### REQUIRED WORK
Whatever comes before the line containing "Maglione in pile marrone PEAK IGLOO - 6" stays out; transcribe that line and all that follow to the end of the records exactly, with no pictures.

===== GIVEN DATA

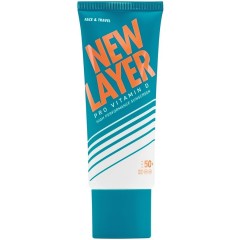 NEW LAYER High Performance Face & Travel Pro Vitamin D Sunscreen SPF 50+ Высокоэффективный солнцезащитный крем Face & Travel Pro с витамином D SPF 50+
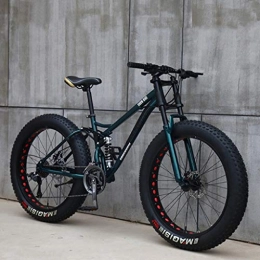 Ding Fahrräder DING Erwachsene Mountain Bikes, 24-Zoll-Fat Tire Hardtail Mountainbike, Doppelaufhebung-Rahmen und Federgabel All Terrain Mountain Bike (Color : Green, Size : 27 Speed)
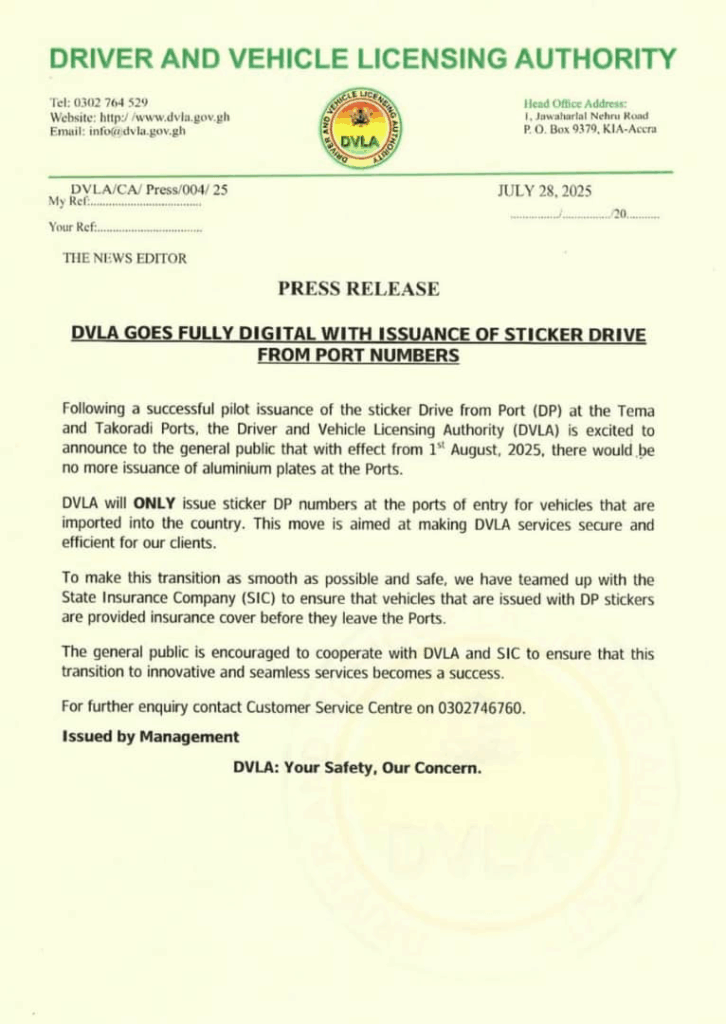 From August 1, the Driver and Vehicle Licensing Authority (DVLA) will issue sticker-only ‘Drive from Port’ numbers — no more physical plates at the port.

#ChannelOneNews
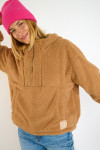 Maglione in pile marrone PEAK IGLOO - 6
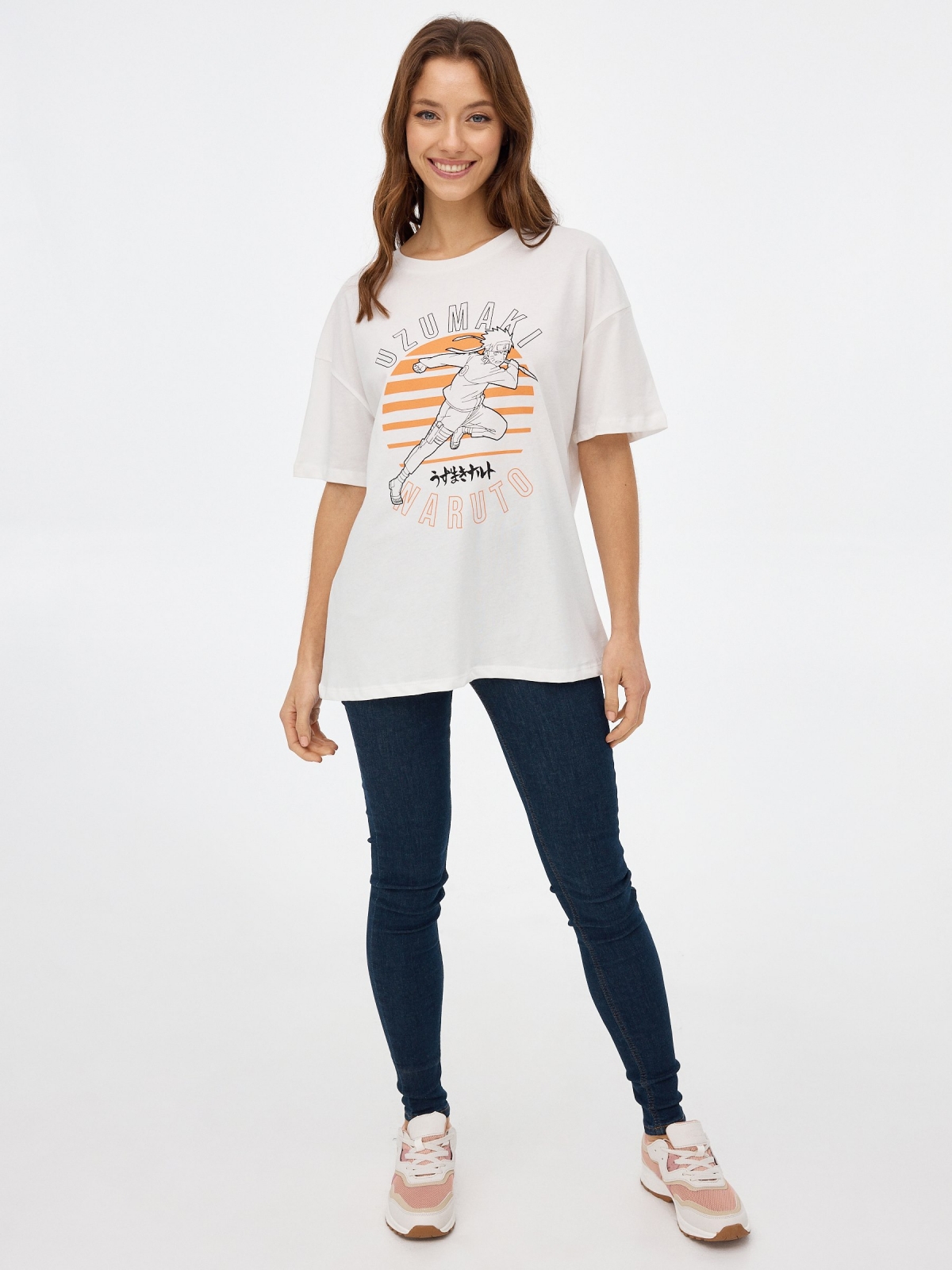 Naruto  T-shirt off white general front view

==========

### EXPECTED ANSWER
 Maglione in pile marrone PEAK IGLOO - 6
 Naruto  T-shirt off white general front view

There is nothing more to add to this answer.